En 1963, la Résolution 181 du Conseil de Sécurité des Nations Unies appelle les États volontaires à ne plus vendre d’armes au régime d’apartheid. Les exportations britanniques vers l’Afrique du Sud diminuent alors sous la pression de l’Anti-Apartheid Movement. Cela profite à la France qui devient le fournisseur principal du régime d’apartheid. Extrait du catalogue entre 1964 et 1967 : livraison de 27 avions Mirage, 70 hélicoptères, sans compter les missiles. La France livre 3 sous-marins dont le premier est inauguré en 1969 à Nantes par la femme de Pieter Botha, alors ministre de la Défense. Le missile Cactus développé par Thomson-CSF et Matra entre 1964 et 1971 est financé à 85% par le régime d’apartheid. Heureusement, comme le précise le Premier ministre Pierre Messmer en 1973 : “Nous acceptons de céder à l’Afrique du Sud des armements dont nous considérons [qu’ils ne] peuvent être utilisés dans des opérations de maintien de l’ordre”.

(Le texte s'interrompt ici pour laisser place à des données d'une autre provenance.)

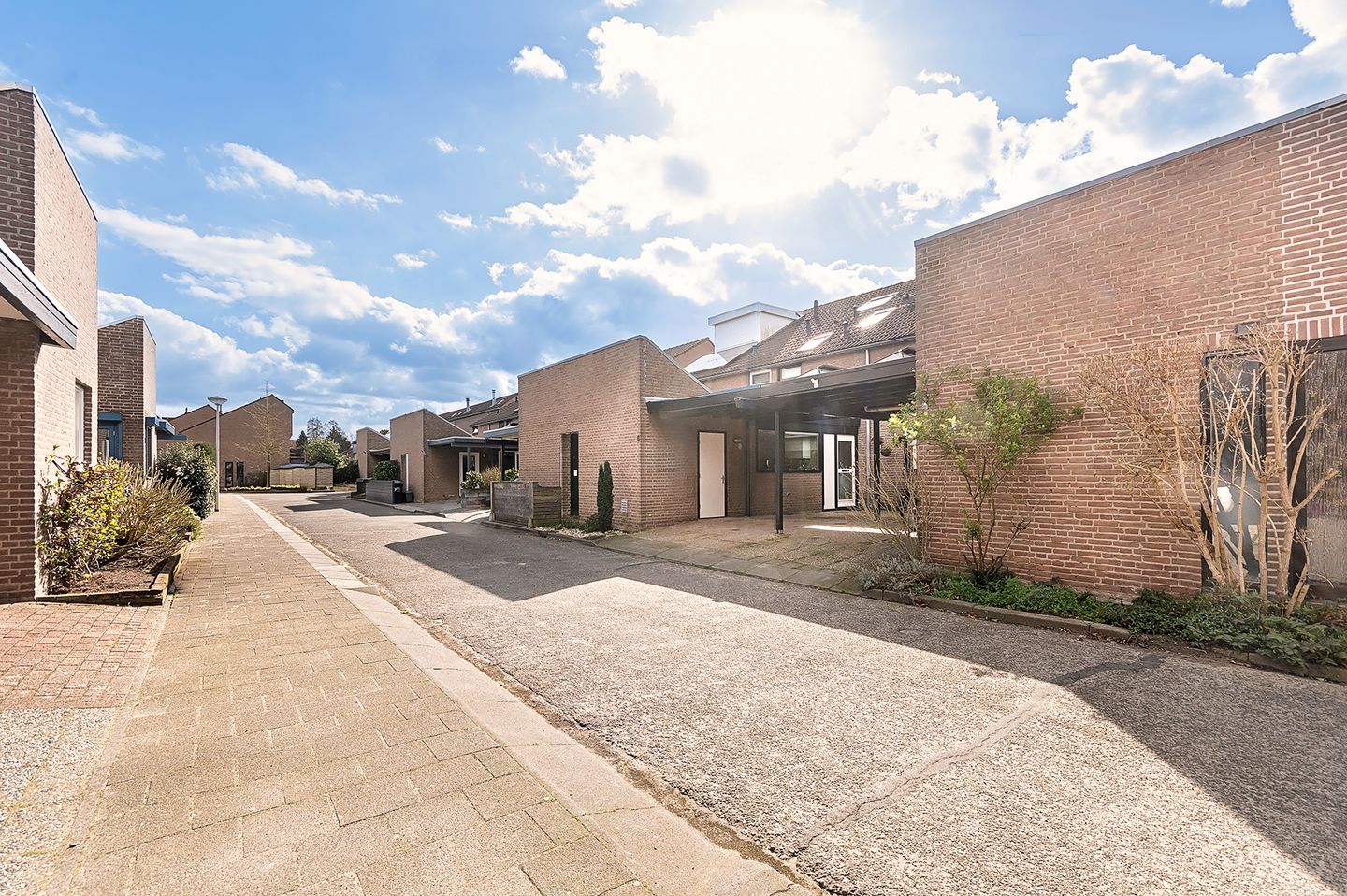 Spacious Family Home with Southwest-Facing Garden in Malden-West — 35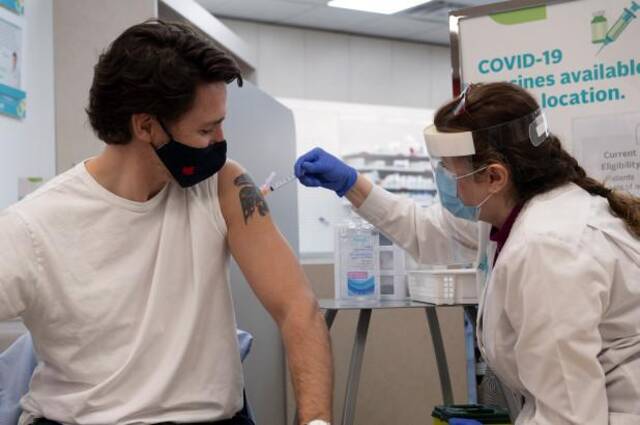 特鲁多接种新冠疫苗（图源：外媒）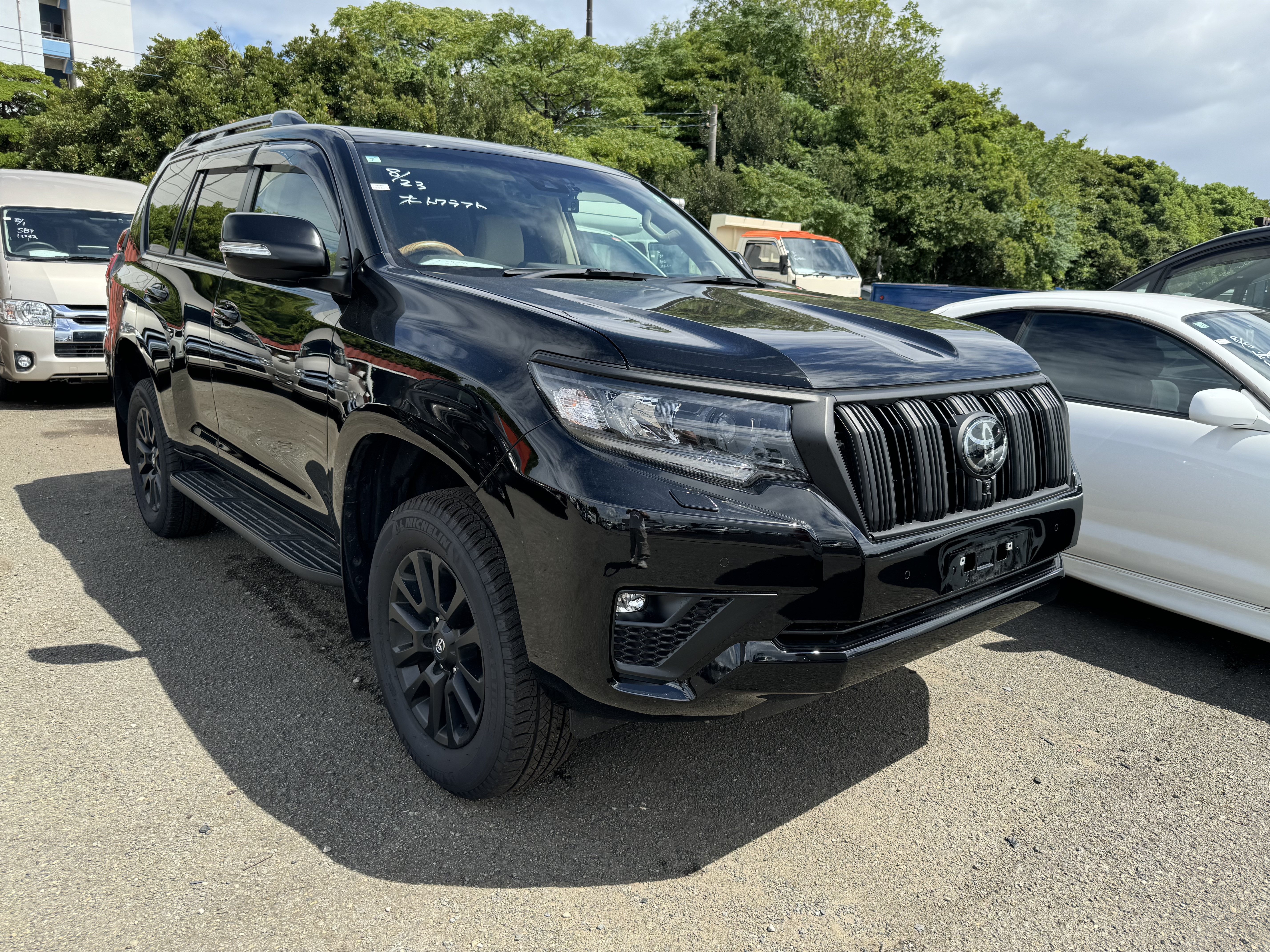 Toyota Land Cruiser Prado 2023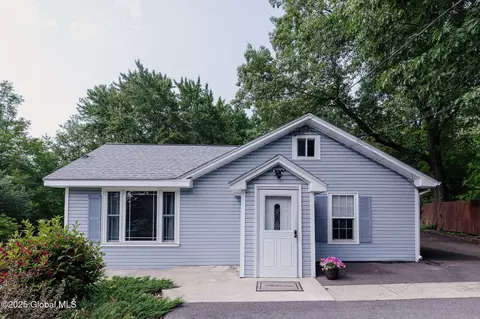 181 Elliot Rd, East Greenbush, NY 12061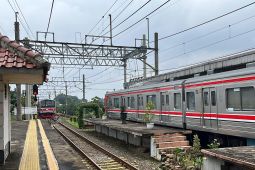 Layanan kereta komuter Merak hanya akan beroperasi sampai Cilegon selama mudik Lebaran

En 1977, l’embargo décrété par les Nations Unies devient obligatoire (Résolution 418). La société gouvernementale sud-africaine d’achat d’armes ARMSCOR rend plus discrets ses bureaux à Paris et s’installe au dernier étage de l’ambassade. La France déclare officiellement un embargo total sur la vente d’armes à l’Afrique du Sud. Pour respecter cet engagement sans nuire à des affaires florissantes, la Direction Générale de l’Armement demande discrètement si ses partenaires seraient prêts à être livrés via des pays tiers. En 1986 est signée une fourniture de 50 hélicoptères Super Puma en kit via le Portugal, qui seront maquillés en un modèle ’local’ Oryx. En 1987, la France propose à l’Afrique du Sud quelques exemplaires du nouveau missile Mistral (Matra) avec l’idée de le tester ’en zone opérationnelle’ (Angola). Dès 1988 l’Afrique du Sud souhaite en acheter 50 exemplaires, via le Congo-Brazzaville. L’affaire s’évente, le scandale éclate et le lampiste Thierry Miallier fait un court séjour en prison, ce qui épargne les éclaboussures à Jean-Christophe Mitterrand (le fils de).
Michel Roussin, chef de cabinet du Premier ministre Jacques Chirac, propose en 1987 à l’Afrique du Sud d’acheter 16 avions de type Mirage que le Pérou avait commandés mais ne pouvait pas payer. Il rencontre Botha en escale à l’aéroport de Roissy deux semaines avant l’assassinat de Dulcie September. Mais ce n’est sans doute qu’une coïncidence...
Jérôme Lasagno
[1] Cette biographie et les citations sont tirées du livre de Jacqueline Dérens, Dulcie September Le Cap 1935 Paris 1988 Une vie pour la liberté (AAPM-Editions Non Lieu, Paris, 2013).